The director of the beleaguered Shreveport VA hospital in Louisiana has been fired following a three-year tenure filled with scandal -- including accusations of covering up a secret wait-list, creating severe staffing shortages and refusing to buy essentials like vital signs machines, linens or mattresses.
Toby Mathew, who became director of Overton Brooks VA Medical Center in June 2014, was fired on April 13 due to “charges related to general misconduct, and failure to follow policy and provide effective oversight of the Center's credentialing and privileging program,” said an internal VA memo obtained by Fox News.
This is one of the highest-profile employee removals since Secretary Eric Shinseki left in May 2014 following news of the massive wait-list scandal at the Phoenix VA hospital. Last week, President Trump signed an executive order creating an office within the VA to make it easier to fire bad employees – an issue that Sen. Ron Johnson, R-Wis., had championed for several years. Trump also fired two employees in the Caribbean on his second day in office.
Mathew could not be reached for comment.
The VA confirmed his removal in a brief statement: “Toby Mathew was removed from employment as director of the Overton Brooks VA Medical Center in Shreveport, La., effective April 13, and he is no longer at VA.”
Asked for comment, White House spokesman Ninio Fetalvo referred only to the executive order to improve accountability, calling it “another step in the president's plans to ensure our nation's bravest have the care they deserve.”
Overton Brooks started taking hits following an October 2014 report that patients routinely went days without sheets, pajamas or proper toiletries while the hospital spent millions on new furniture, TVs and solar panels.
Next came the story of social worker Shea Wilkes, who discovered a secret wait-list in 2013 that had 2,700 names, including 37 people who had died awaiting care. He pushed the VA inspector general to investigate, but instead the agency made Wilkes the target of a criminal investigation that lasted a year. It ended only after the Office of Special Counsel became involved. Mathew, who was director during that time, denied that a wait-list existed.
Wilkes went on to become a high-profile advocate for whistle-blowers and has testified on Capitol Hill.
Spurred on by Wilkes' example, a high-ranking doctor wrote an exhaustive 16-page report dated Sept. 2, 2016 addressed to then-secretary Bob McDonald, the VA inspector general and two members of Congress. The report, reviewed by Fox News, said Mathew severely impacted the careers of 55 employees and specifically alleged that Mathew had “a constant pattern of bullying, intimidation, discrimination, harassment and retaliation” against staff, which violated policies and affecting patient health.
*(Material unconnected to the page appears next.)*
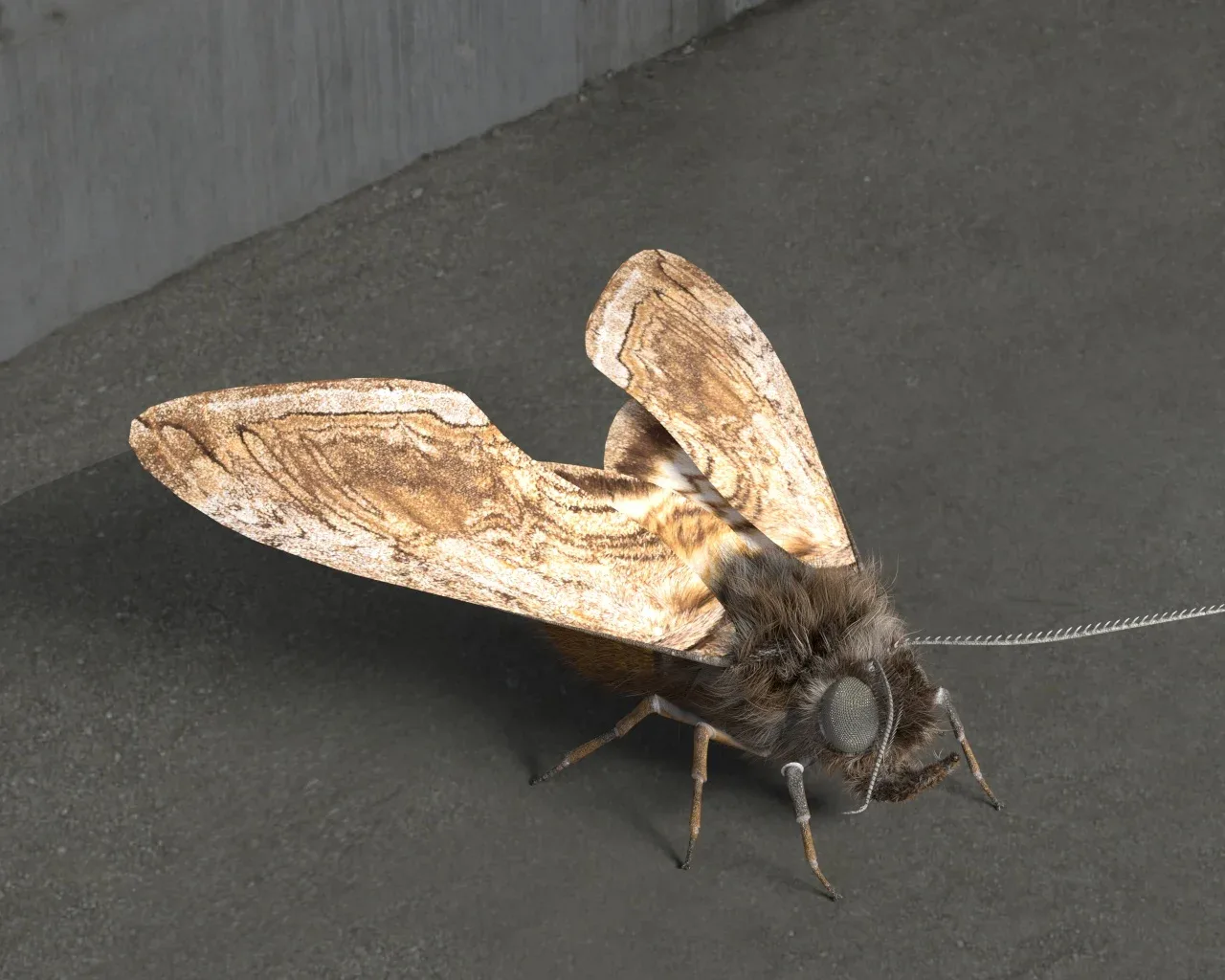 Moth insects rigged 3d model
“Nursing service has had critical positions vacant during the 2-year tenure of Toby Mathew with vacancy rates as high as 50 percent for nurse assistants and constant 30 percent for registered nurses,” the report said. “He refused to ... fill the vacancies as requested. Toby Mathew brought in consultants paying as much as $10,500/month (more than most of our physicians make) for projects that did not help us.”
A lack of nurses had repercussions in the operating rooms, where unsterile items allegedly were found on a daily basis.
“The surgical teams are outraged by the absolute failure of leadership to address and improve the conditions ... Surgeries are being delayed or canceled or surgeons are forced to use alternate instrument sets,” the report said.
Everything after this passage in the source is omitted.